# Task instructions
Everything from the line with "Koh LIPE Island." to the line with "The Pumpkin Pie" in the listing below, both lines included, needs to be copied exactly, apart from the pictures.

# Working data
================

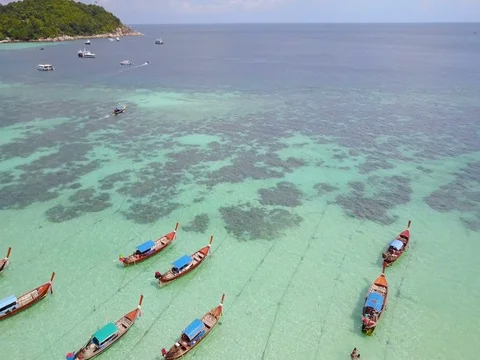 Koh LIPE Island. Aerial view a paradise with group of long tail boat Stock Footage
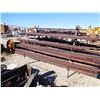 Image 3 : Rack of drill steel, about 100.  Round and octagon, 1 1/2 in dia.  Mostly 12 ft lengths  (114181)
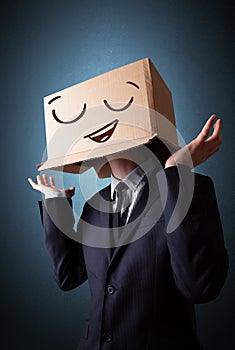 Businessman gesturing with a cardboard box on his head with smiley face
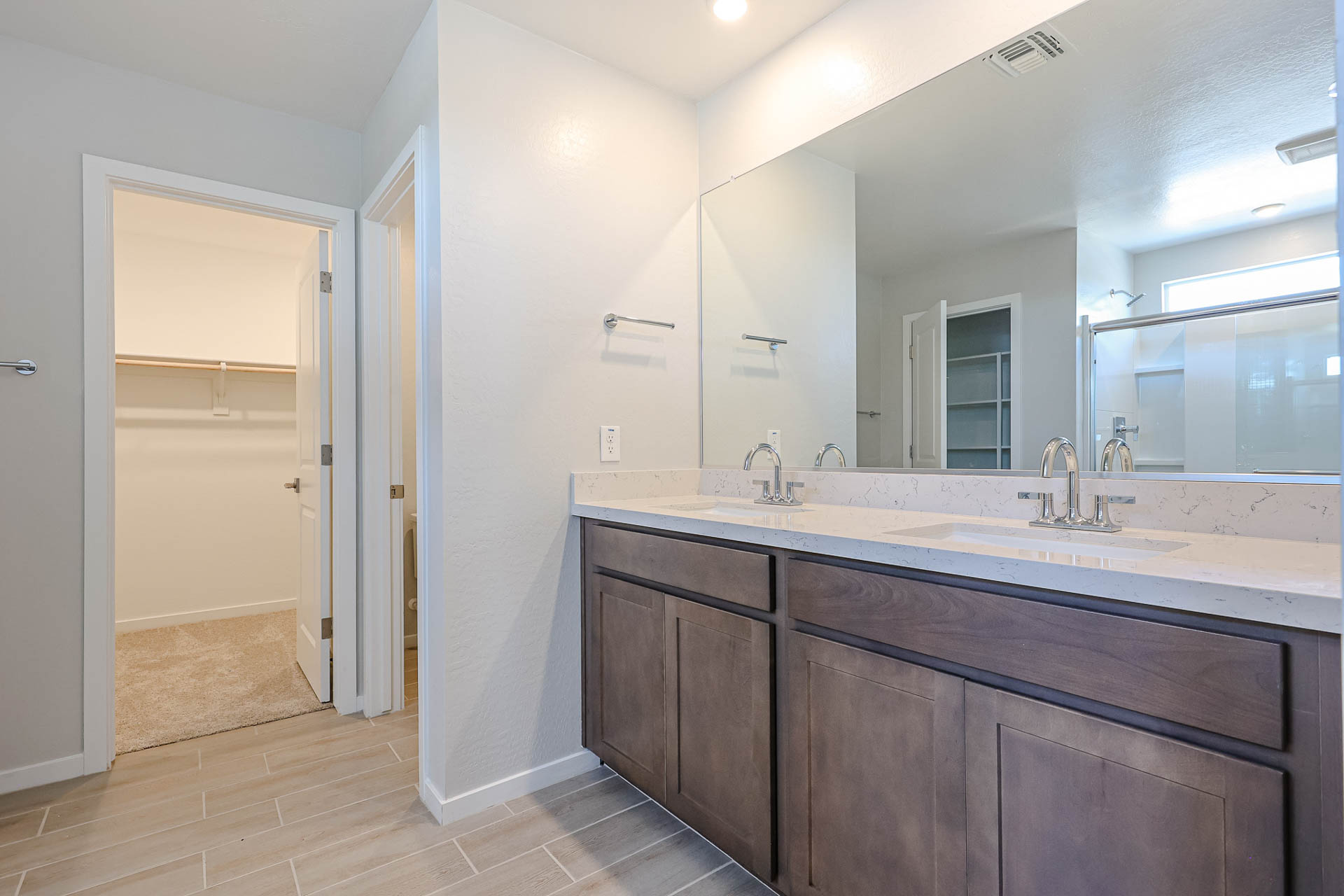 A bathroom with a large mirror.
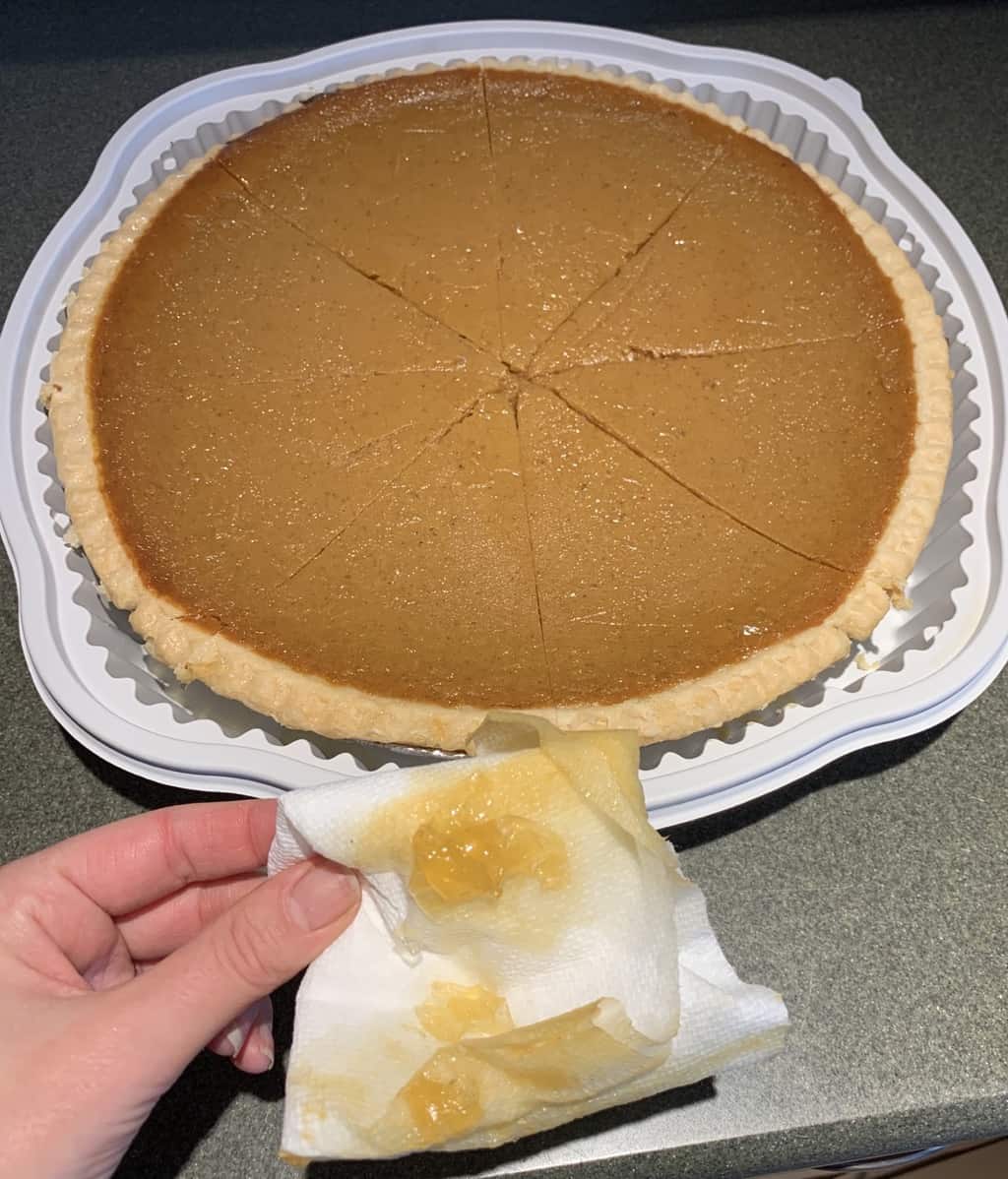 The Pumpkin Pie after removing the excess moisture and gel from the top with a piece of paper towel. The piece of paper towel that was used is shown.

================

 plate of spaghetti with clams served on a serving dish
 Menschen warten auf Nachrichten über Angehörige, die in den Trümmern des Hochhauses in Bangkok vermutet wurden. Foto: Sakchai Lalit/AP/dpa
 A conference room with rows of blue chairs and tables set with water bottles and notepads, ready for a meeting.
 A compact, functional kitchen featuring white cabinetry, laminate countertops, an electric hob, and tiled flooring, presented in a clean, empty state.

================

# Output of the task
 Koh LIPE Island. Aerial view a paradise with group of long tail boat Stock Footage
 Image 3 : Rack of drill steel, about 100.  Round and octagon, 1 1/2 in dia.  Mostly 12 ft lengths  (114181)
 Businessman gesturing with a cardboard box on his head with smiley face
 A bathroom with a large mirror.
 The Pumpkin Pie after removing the excess moisture and gel from the top with a piece of paper towel. The piece of paper towel that was used is shown.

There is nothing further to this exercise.